Education in the Bailiwick of Guernsey is the combined education systems of Guernsey, Alderney and Sark. In Guernsey, it is overseen by the Education Section of the Committee for Education, Sport and Culture, part of the States of Guernsey. The States manage a number of island schools, including three comprehensive secondary schools and one grammar school, as well as the island's higher education facility, the Guernsey Institute. There are also a number of private schools on the island.

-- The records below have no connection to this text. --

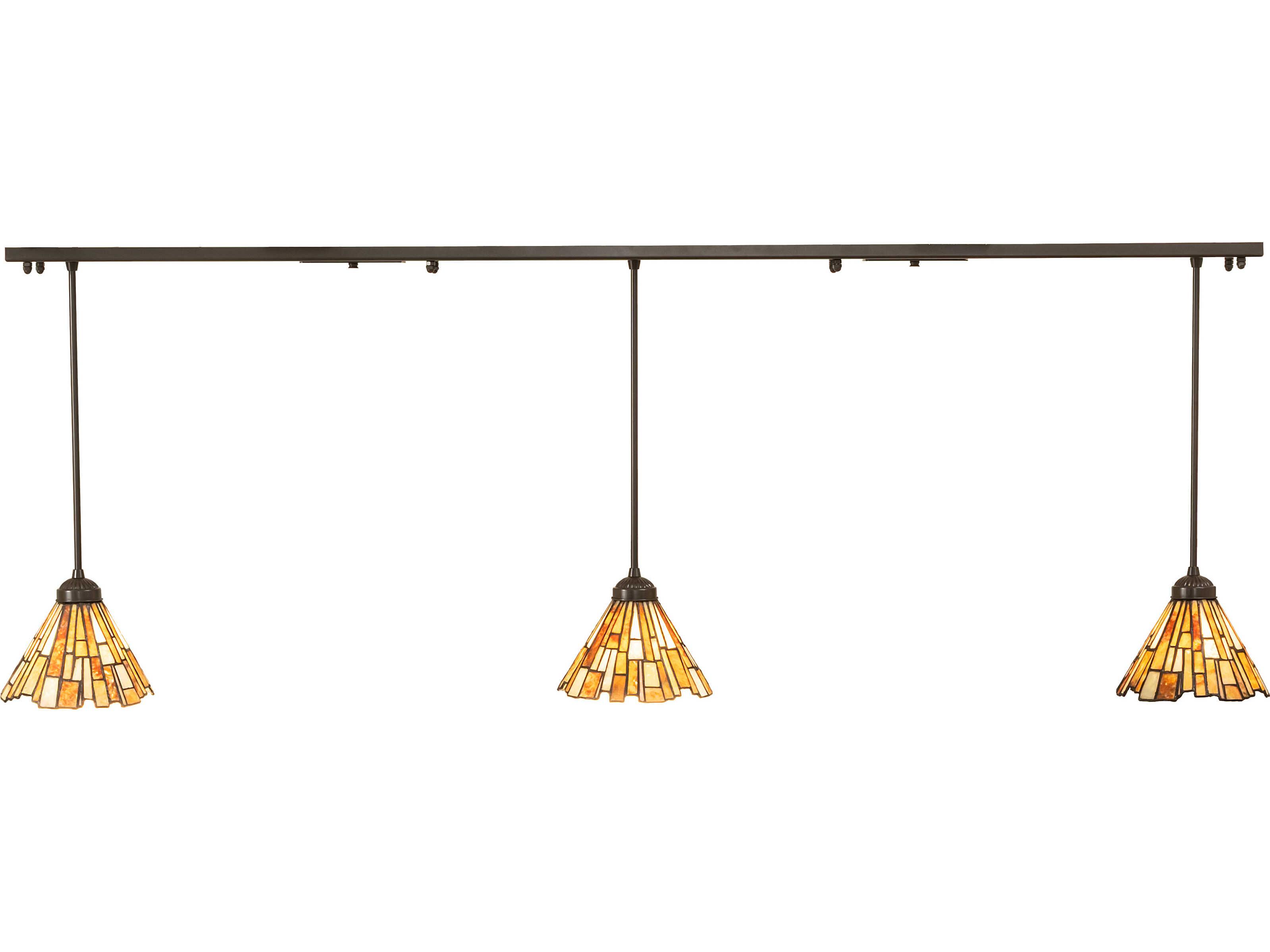Meyda Delta 3-Light Bronze Traditional Linear Island Pendant
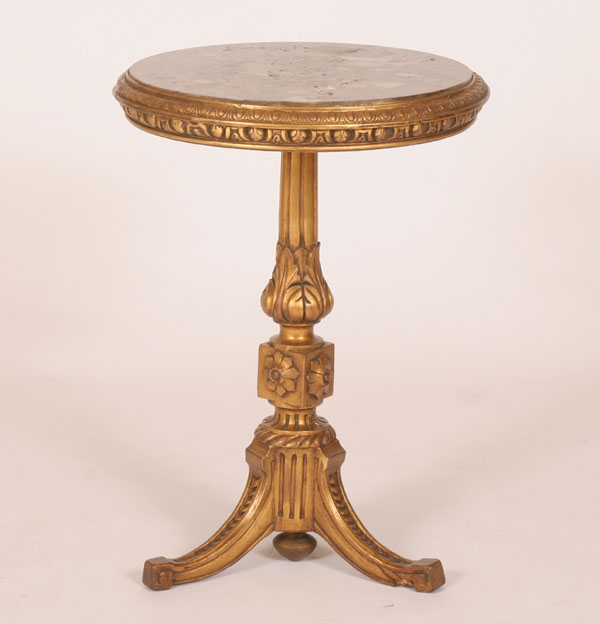 Continental marble top stand/pedestal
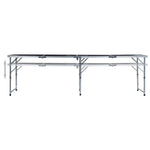 ZNTS Folding Beer Pong Table with Cups and Balls 240 cm 3056793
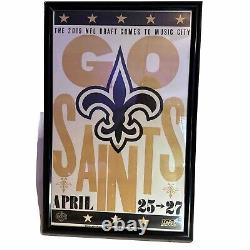 2019 New Orleans Saints OFFICIAL NFL HATCH SHOW PRINT DRAFT POSTER Nashville TN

Students at States-maintained schools must attend primary school from Reception to Year 6 (ages 4 to 11; Early Years Foundation, Key Stage 1 and Key Stage 2) and secondary school from Year 7 to 11 (ages 11 to 16; Key Stage 3 and Key Stage 4). At the end of Year 11. students typically take General Certificate of Secondary Education (GCSE) exams or other Level 1 or Level 2 qualifications. For students who do not pursue academic qualifications until the end of Year 13, these qualifications are roughly equivalent to the completion of high school in many other countries.

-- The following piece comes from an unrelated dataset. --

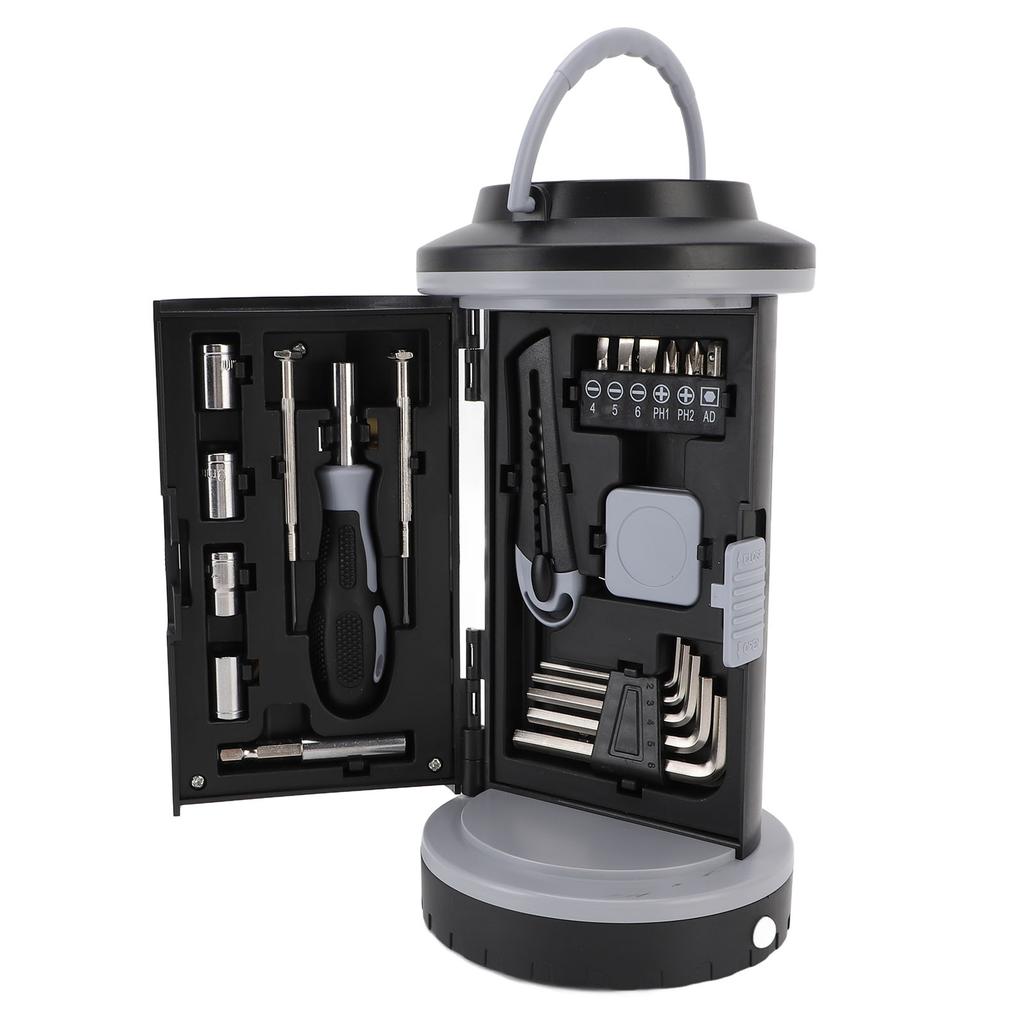 Portable Camping Lantern Multifunctional LED Emergency Camping Light with Tools Set for Outdoor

Education is compulsory from the age of 5 to the age of 16, however students may take A-levels at one of the Sixth Form facilities on the island or take other Level 3 qualifications at the only FE college on the island. 87% of 16-year olds will stay in Education post-16. Education is free for all students up to the age of 18. After graduating from Sixth Form, many students will study off-island, typically in England, at a Higher Education institution or on-island at the Guernsey Institute.

The education system is roughly similar to that used in England, with GCSEs graded 9-1 since 2017. National school examinations and vocational education qualifications are the same as those issued by the UK Ofqual and follow the Regulated Qualifications Framework used in the UK.

Reform 
Following a vote in the States, the decision was made to merge the present secondary schools into one schools, but across two sites, to be called Lisia School, with the campuses called Victor Hugo College and Saumarez College. The plans were backed with a £157 million investment from the States of Guernsey in 2019.

However, following a vote in March 2020, the States agreed to pause the plans and the Committee conducted a review of secondary education models.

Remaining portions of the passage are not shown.